Blazing Fast HTML
Round Two
by Evan Czaplicki / 30 Aug 2016

Two years ago, we released an HTML rendering library for Elm, and it was really fast. Faster than React, Angular, and Ember. All these frameworks have improved their renderers since then, so I figured it would be interesting to run the numbers again:

One big takeaway is that Elm is the fastest. When comparing React and Elm in particular, you see that React takes about 50% longer to do the same work. Perhaps even more interesting, Elm is extremely fast even without optimization. Just by using Elm, you get performance React and Angular 1 do not achieve even with hand-optimization.

Now, it is hard to create benchmarks that really show a fair comparison, so the rest of this post is dedicated to exploring:

If this gets you interested in Elm, start working through the guide or read about how folks use Elm at work. See if you like it! Otherwise, I hope the information in this post will be helpful to all these different communities.

Note: I had a bunch of folks review this post before sharing it, and we observed that the results are quite consistent across browsers, operating systems, and hardware. If you want to check our work, run the benchmark yourself. Let us know if you see something weird here and we’ll try to fix it.

Ease of Optimization

Being fast is nice, but if no one can figure out how to get from naive code to optimized code in a real app, the benchmarks do not matter.

In the course of getting all these implementations set up, I was able to get a feel for the ease of optimization with each project. How much work do I need to do to make things faster? How hard do I need to think? How much do I need to learn? What impact does it have on the code? If you are serious about building large projects, you should be asking yourself these questions.

Before getting into the code, it is important to know that Elm, React, and Angular 2 all use a virtual DOM strategy under the hood. That means they all use two main optimization strategies:

  • Skip Work — The best way to speed up virtual DOM diffing is to skip it! So the programmer can say “only diff the view if the relevant model changed” with lazy, shouldComponentUpdate, or OnPush respectively.

  • Align Work — When you are adding and removing child nodes, a virtual DOM implementation can end up doing tons of pointless diffing. To avoid this you have Html.Keyed, key, or trackBy respectively.

So optimizing looks a bit different in practice with each of these projects, but ultimately, they are enabling exactly the same optimizations behind the scenes.

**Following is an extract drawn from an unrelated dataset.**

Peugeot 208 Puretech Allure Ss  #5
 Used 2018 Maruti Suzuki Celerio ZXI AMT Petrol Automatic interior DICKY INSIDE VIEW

Armed with that knowledge, let’s do some analysis. I set up the benchmark repo so that you can check out individual commits that show exactly how we optimized each implementation:

  • Elm — Optimizing Elm code means using Html.Keyed for the list of todo entries and sprinkling in lazy in strategic places. Very easy! More importantly, you are not changing your architecture or rewriting with different abstractions. You have a simple, effective toolkit that lives in your view code and does not disrupt your business logic.

  • React — Here we add a key to each entry and define shouldComponentUpdate for the Todo component. Essentially the same as what we did in Elm, but we have to write some logic to figure out if a Todo changed. This opens us up to some extremely tricky bugs. Say you add this.prop.checked without changing shouldComponentUpdate. Now you either have a sneaky performance regression or a view that does not update correctly! Also notice that the React way is tied to components. Instead of sprinkling lazy around, a React app would require splitting things into tinier and tinier components to get the same benefits. That is totally possible, but now we are talking about pretty serious architecture changes for the sake of performance.

  • Angular 1 — Here we stop using $scope.$watch entirely. This requires changes in our business logic, not just in our view code like in React and Elm! The speed gain is good, but now there is a risk that we forget this line when adding new business logic. So like React, we just have to hope that no one ever messes it up ever. Or that our tests and QA always catch it. This optimization also seems quite counter-intuitive. The way to make it faster is to completely avoid parts of the framework.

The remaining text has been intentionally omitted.